*Assigned task*: Word-for-word reproduction, images excluded: copy every entry below.

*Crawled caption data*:
....

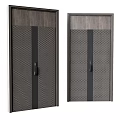 Modern Dark Security Doors With Wood Grain Panel And Grid Texture Design 3d model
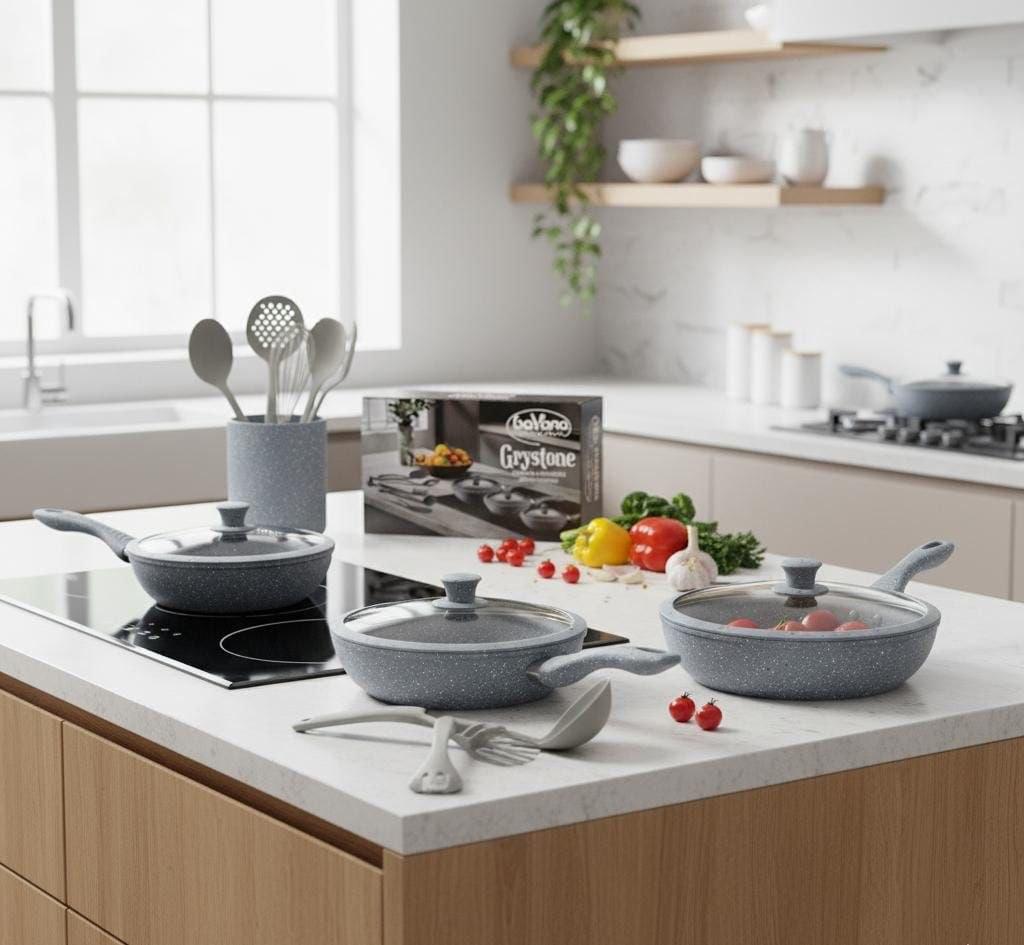 Batteria Cucina 11 Pezzi – Padelle Alte per una Cucina Professionale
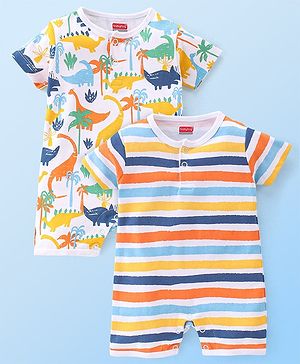 Babyhug 100% Cotton Interlock Knit Half Sleeves Romper Stripes & Dino Print Pack Of 2 - Multicolor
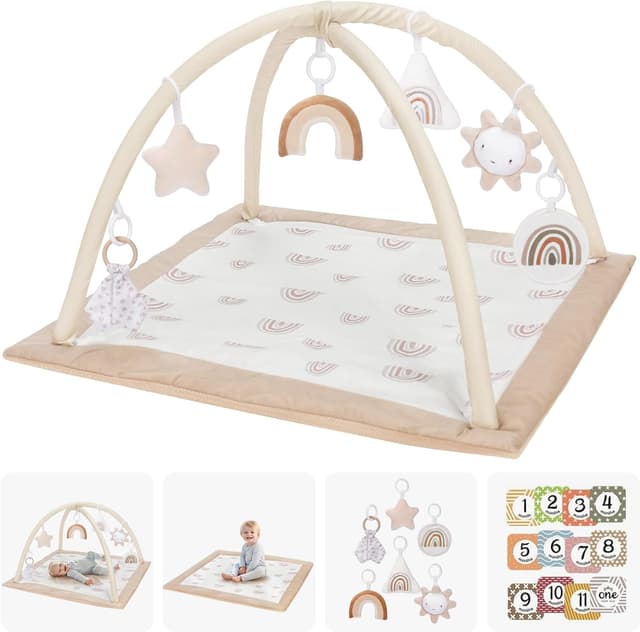 Detalle de Mallify Spielbogen Baby Mädchen – Krabbeldecke mit 6 abnehmbaren Spielzeugen und 12 Meilensteinkarten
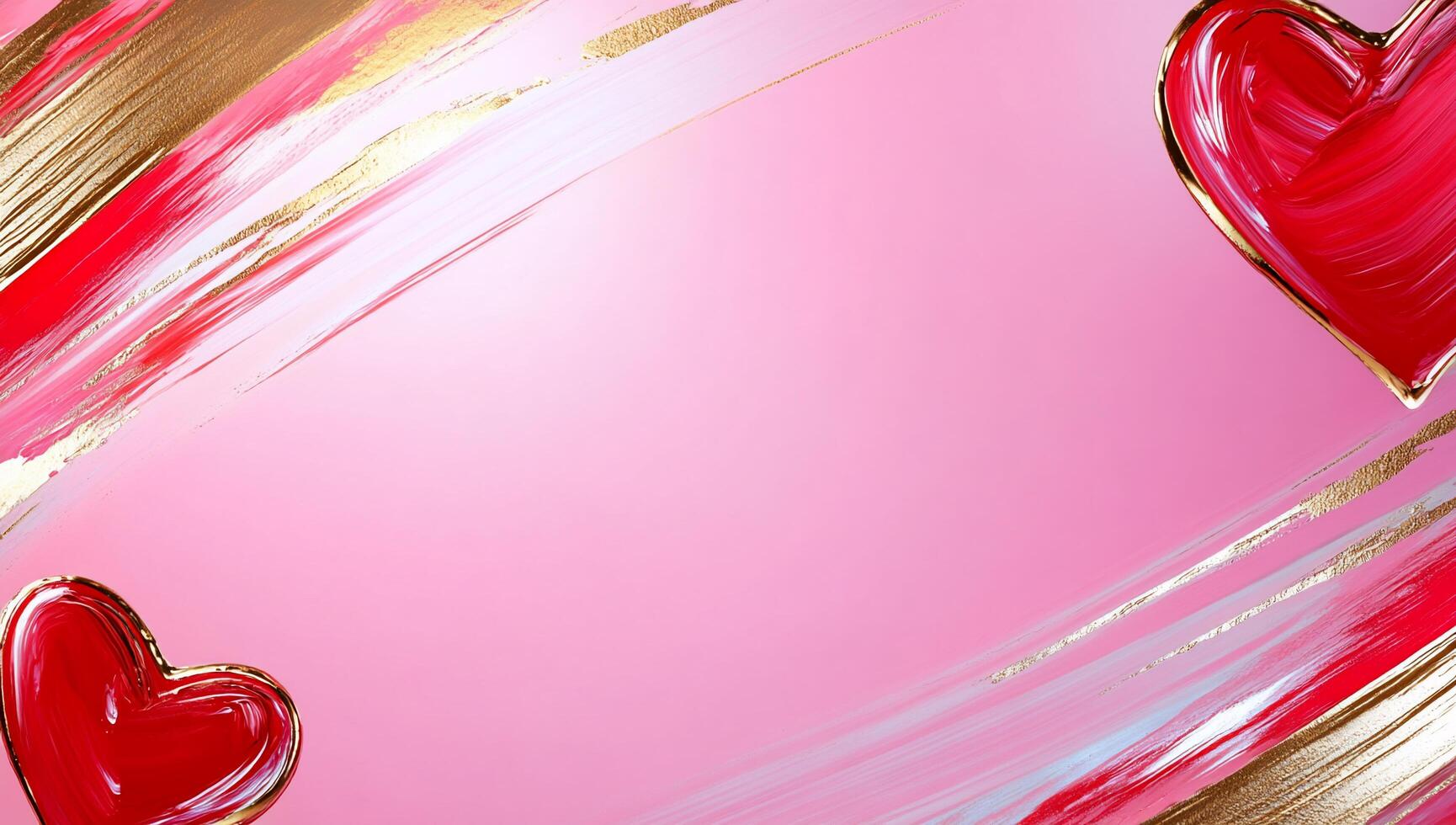 A vibrant pink background with gold and red heart accents. photo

....

*Output below*:
 Modern Dark Security Doors With Wood Grain Panel And Grid Texture Design 3d model
 Batteria Cucina 11 Pezzi – Padelle Alte per una Cucina Professionale
 Babyhug 100% Cotton Interlock Knit Half Sleeves Romper Stripes & Dino Print Pack Of 2 - Multicolor
 Detalle de Mallify Spielbogen Baby Mädchen – Krabbeldecke mit 6 abnehmbaren Spielzeugen und 12 Meilensteinkarten
 A vibrant pink background with gold and red heart accents. photo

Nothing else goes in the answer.